June 5, 201313 yr I have a 2Tb drive in my array that seems to be failing. Whilst doing a parity check the drive started to show many read errors, so stopped the check and I took the drive out and put it into my Windows PC and copied off the data that I could onto another drive (there was only a few files that could not be copied and they are easily replaced). However I then put the drive back into the array and continued the restarted the parity check which took a long time as the drive kept showing errors that seem to be read errors according to the syslog. The PC has now finished and the drive shows with a green ball but a smart check shows an increasing number or sectors about to be re allocated so I think I definately need to change the drive. I have a 2Tb drive that has just finished pre clearing and I want to replace the dieing drive. Should I let UNRAID rebuild the drive from the parity or replace the drive and transfer the data to the new drive from my backup? Ridley
June 5, 201313 yr Did you do a non-correcting Parity Check or a Correcting PArity Check? If you did a non-correcting parity check, I would allow unRAID see if it could rebuild the disk. If the disk failure occurred after the disk started to go flakey, you might be able to recover the entire contents of the disk. If a rebuild doesn't work, then you have the option of installing the new disk as a "New" disk and setting up a new configuration. Keep that backup of the failing disk on your Windows computeruntil you are satisfied that everything is OK with the new one.
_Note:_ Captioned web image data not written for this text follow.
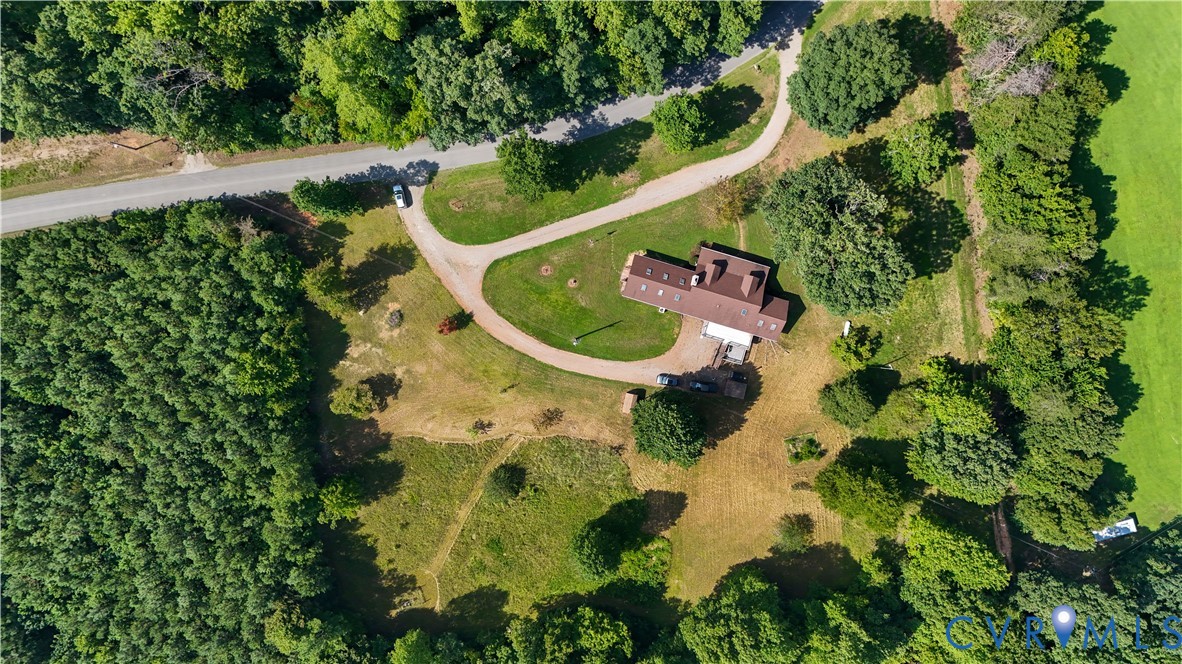 1323 Old Peach Tree Road Green Bay, VA 23942 - Photo 60 of 65 Property featuring a private driveway, surrounded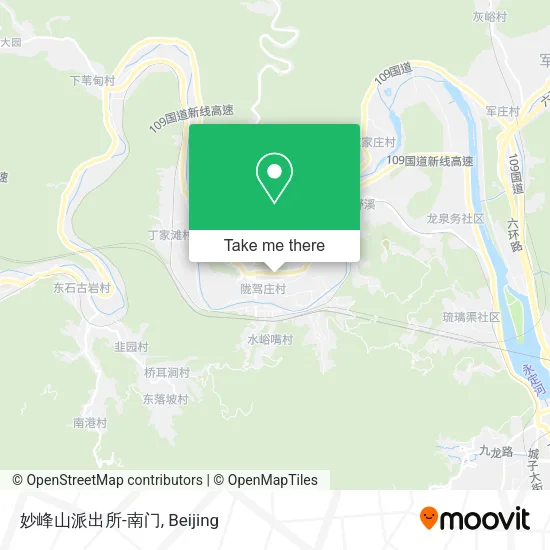 妙峰山派出所-南门 map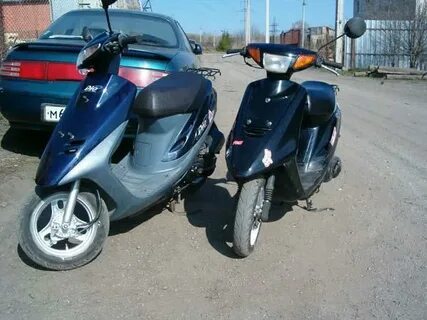 Honda dio jog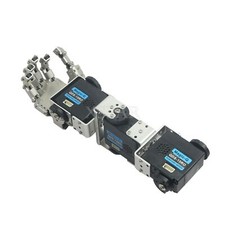 Humanoid Robot Left Hand Arm with Fingers Manipulator & Servo for   Robotics #A6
June 5, 201313 yr Author I have had loads of problems recently and it was while upgrading the parity drive that the other drive started to fail so I had two invalid drives so the parity was not valid when the drive started to fail.
June 6, 201313 yr I will give my thoughts on what I would do-- using the following assumptions. First, your parity drive does not have valid parity since the other/second drive failed when you were rebuilding parity on the parity drive. Second, you have copied all of the readable files off of that second drive. Third, you have precleared the replacement drive and it passed the preclear tests. I would now boot the server with the defective drive in it. Now, get all of the drive assignments--- Disk numbers and serial numbers for every drive. Setup a new configuration without that drive using the 'New Config' utility under the Utils Tab of the GUI. (I believe this is much easier on recent version rc versions.) See the following links for procedure: http://lime-technology.com/forum/index.php?topic=23575.msg207851#msg207851 http://lime-technology.com/wiki/index.php/FAQ#How_do_I_remove_a_hard_disk_that_I_do_not_plan_on_replacing.3F You will have to rebuild parity on the new configuration. When that is done, you will have a new working array with correct parity for the drives that you have installed. (You should be able to remove the defective drive at this point. Since I am somewhat anal , I would next perform a non-correcting parity check to verify that everything is working properly. If I got zero errors on the non-correcting check, I would install the new precleared drive as a 'new' drive. After it was installed, I would copy the files back over to the new drive and run a another non-correcting parity check. ( I said I was anal!!!) In the interest of full disclosure, I must say that I have never done this. But since no one has put forth any suggestions on how to proceed, I decide to outline what I would do. If I have made any mistakes in how to do it, I would hope someone who is more knowledgeable than me would jump in ASAP!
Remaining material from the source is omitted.